*** Source records ***

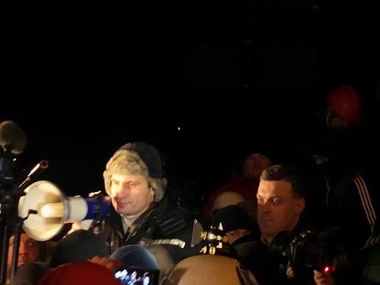 Кличко и Тягнибок убеждают протестующих на Грушевского продлить перемирие. Те свистят и кричат "Ганьба!", "Брехуни!"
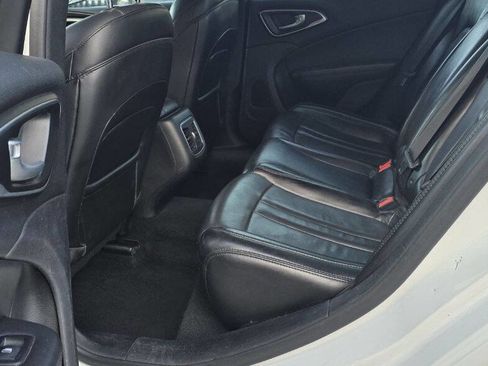 Used 2017 Chrysler 200 Limited Platinum w/ Comfort & Convenience Group image 13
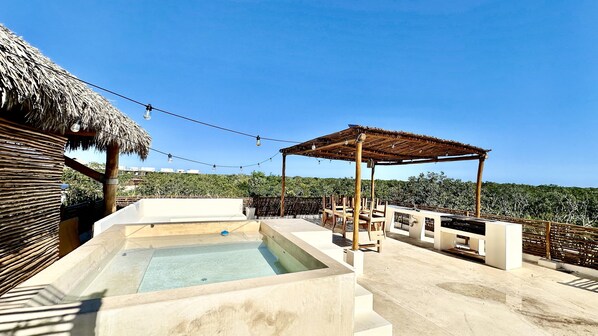 Outdoor spa tub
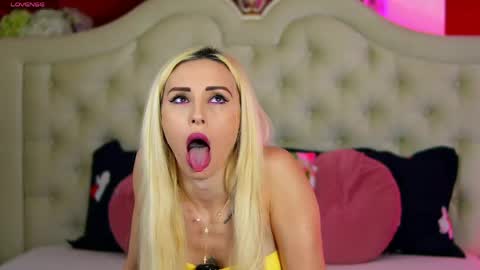 Snapshot of ragazzabellasquirt chatting on June 2026 05:20:02 AM ragazzabellasquirt online show from June 2026 05:20:02 AM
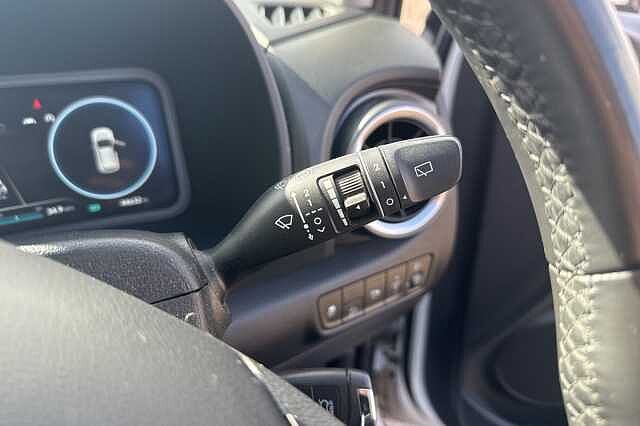 Hyundai KONA 1.0 TGDi 48V MHEV SE Connect 5dr White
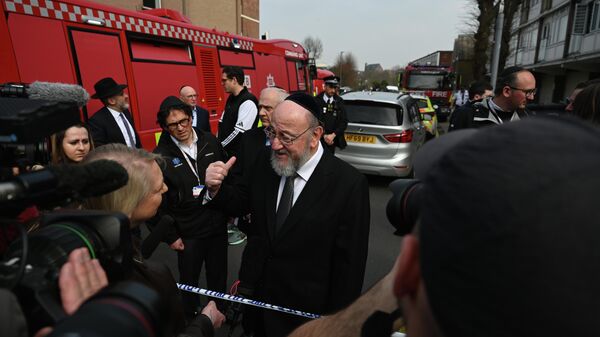 Londra'da Yahudi bir organizasyona ait 4 ambulans kundaklandı - Sputnik Türkiye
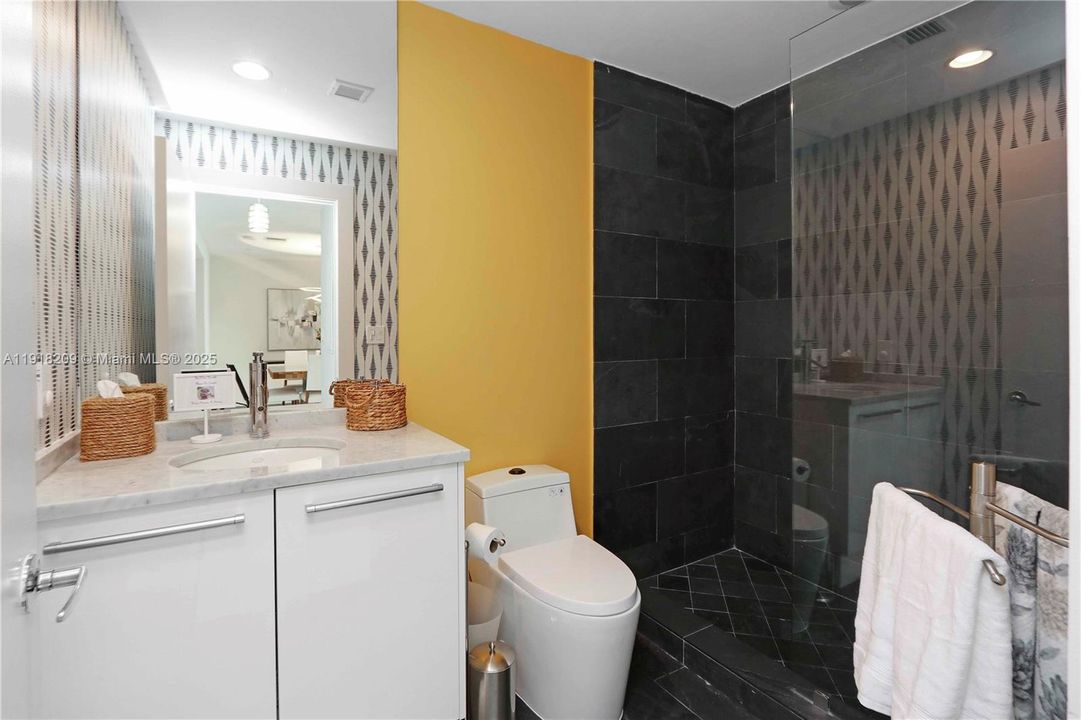 For Rent: $7,000 (2 beds, 3 baths, 1450 Square Feet)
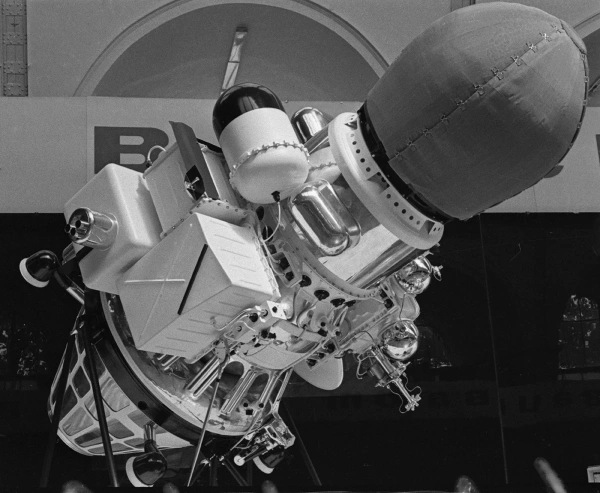 полёты на Луну, экспедиции на Луну, человек на Луне, Луна-9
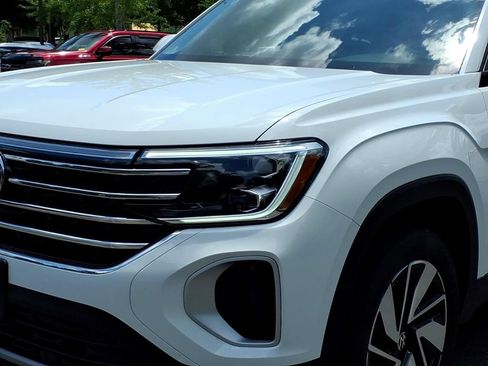 Used 2025 Volkswagen Atlas SE FWD image 26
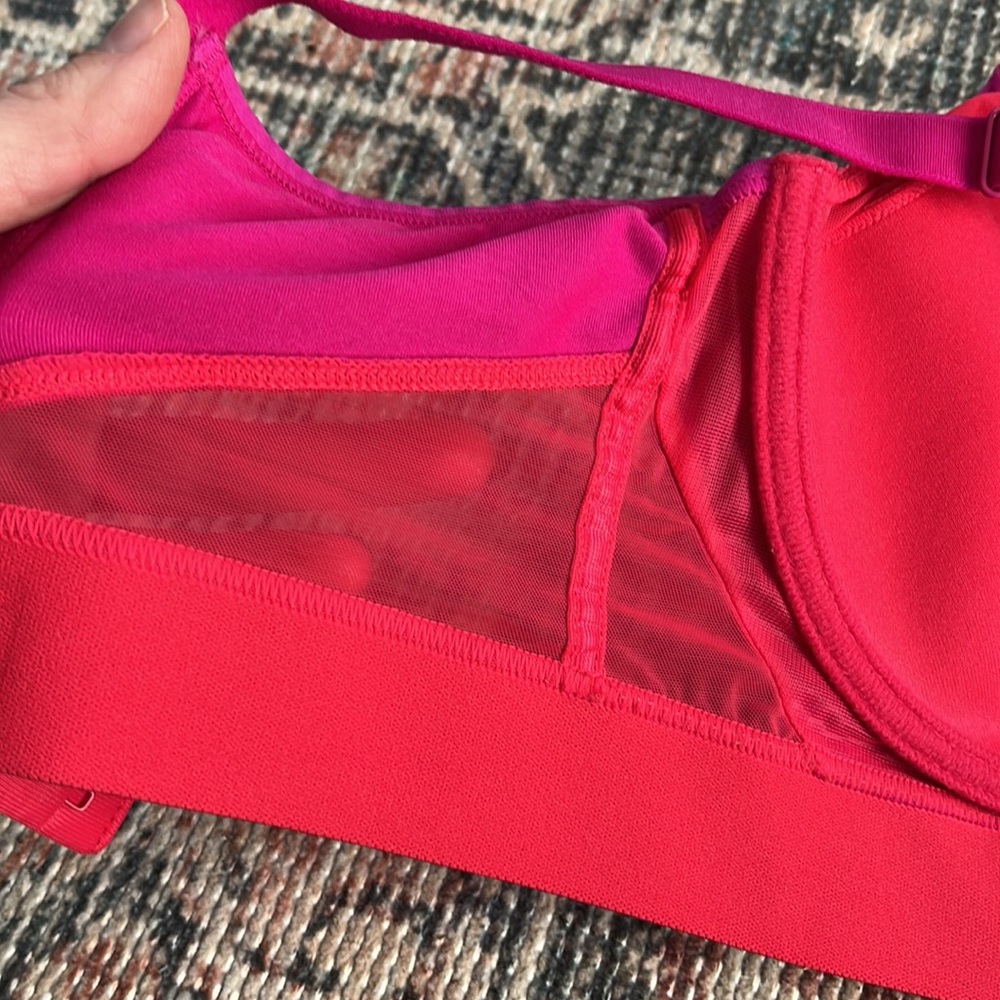 Natori Bra - Picture 5 of 6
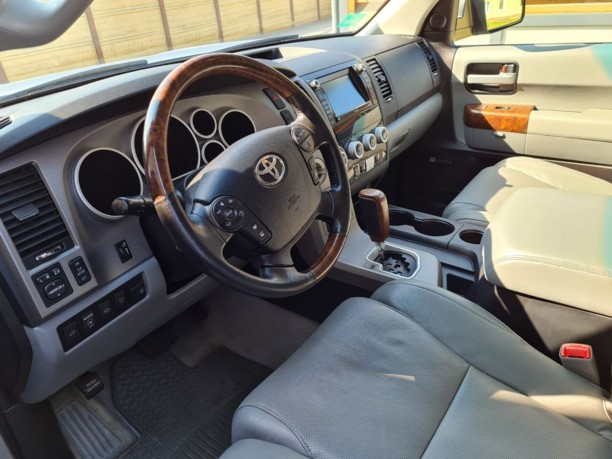 Toyota Sequoia II, 7 мест, 2010 г.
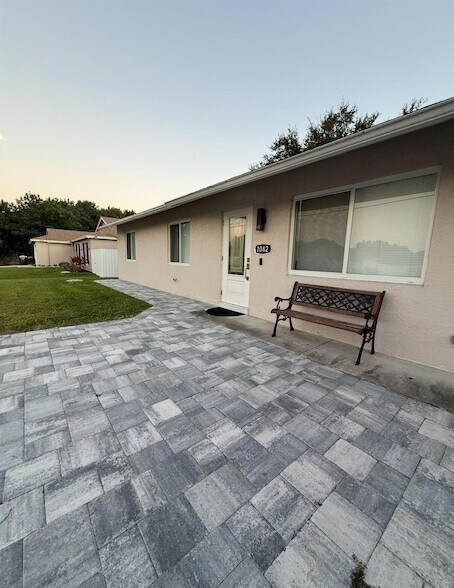 Photo - 1082 SW Bellevue Ave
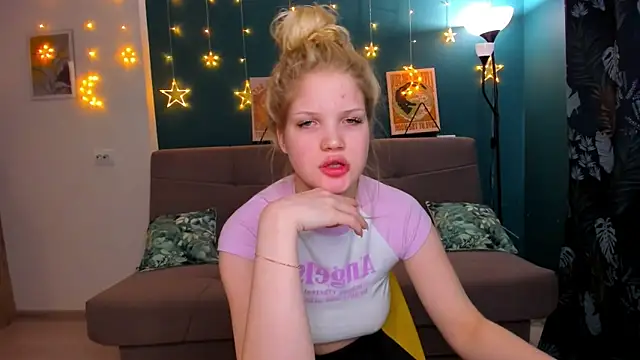 Snapshot of Xloe_Queen chatting on January 25, 2025, 11:13 am Xloe Queen online show from January 25, 2025, 11:13 am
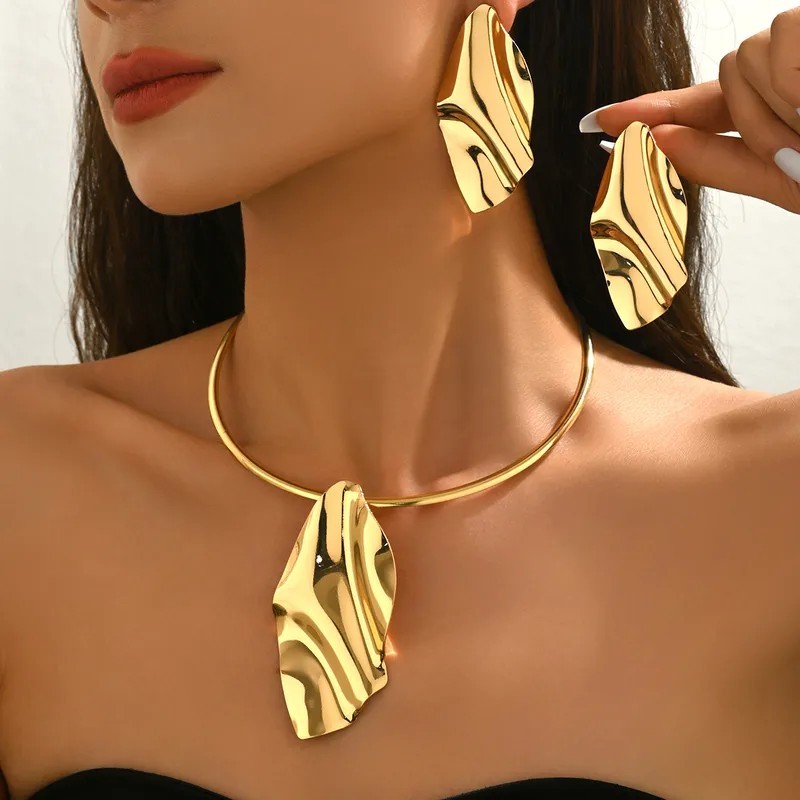 3 Piece Set Irregular Shaped Choker Earring Set for Women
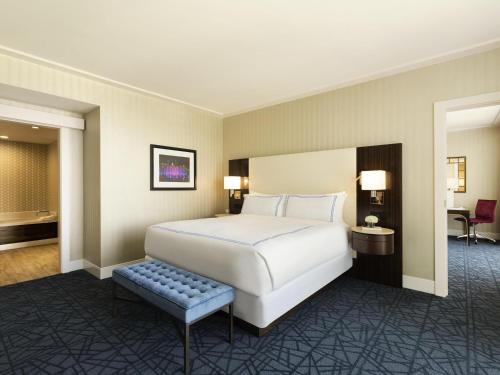 Fairmont Austinにあるベッド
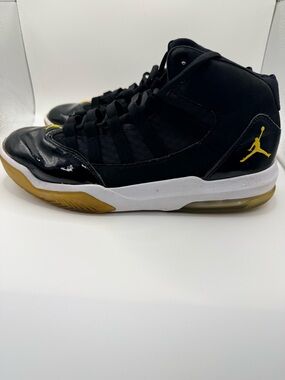 NIKE JORDAN Max Aura Men’s Black University Gold White Athletic Sneakers Sz 11.5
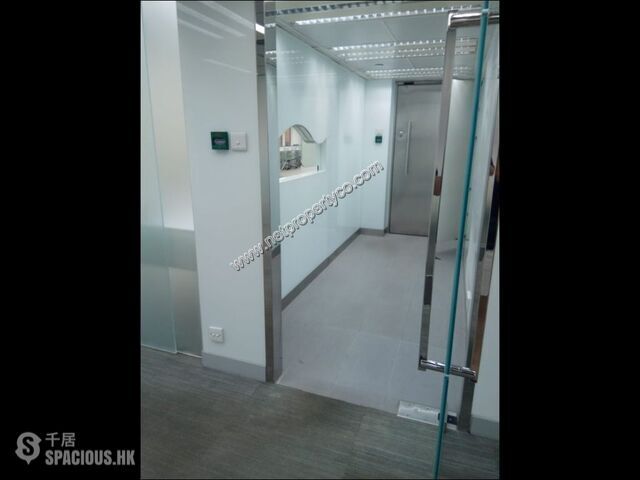 Central - Wellington Place 01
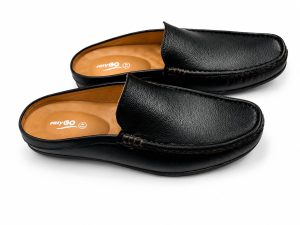 premium-black-leather-loafer-men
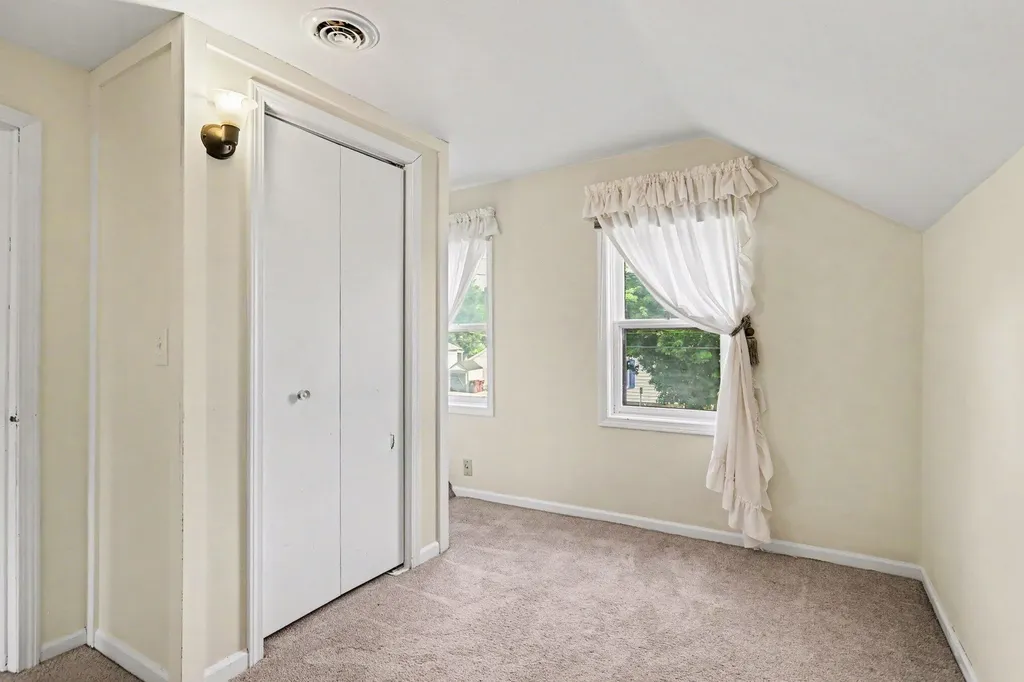302 Exchange Street Marshall City MI 49068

*** End of Source records ***

**Exercise objective:**
Quote precisely the lines of the data from the line containing "Snapshot of Xloe_Queen" through its final line, both included, excluding pictures.

**Solution:**
 Snapshot of Xloe_Queen chatting on January 25, 2025, 11:13 am Xloe Queen online show from January 25, 2025, 11:13 am
 3 Piece Set Irregular Shaped Choker Earring Set for Women
 Fairmont Austinにあるベッド
 NIKE JORDAN Max Aura Men’s Black University Gold White Athletic Sneakers Sz 11.5
 Central - Wellington Place 01
 premium-black-leather-loafer-men
302 Exchange Street Marshall City MI 49068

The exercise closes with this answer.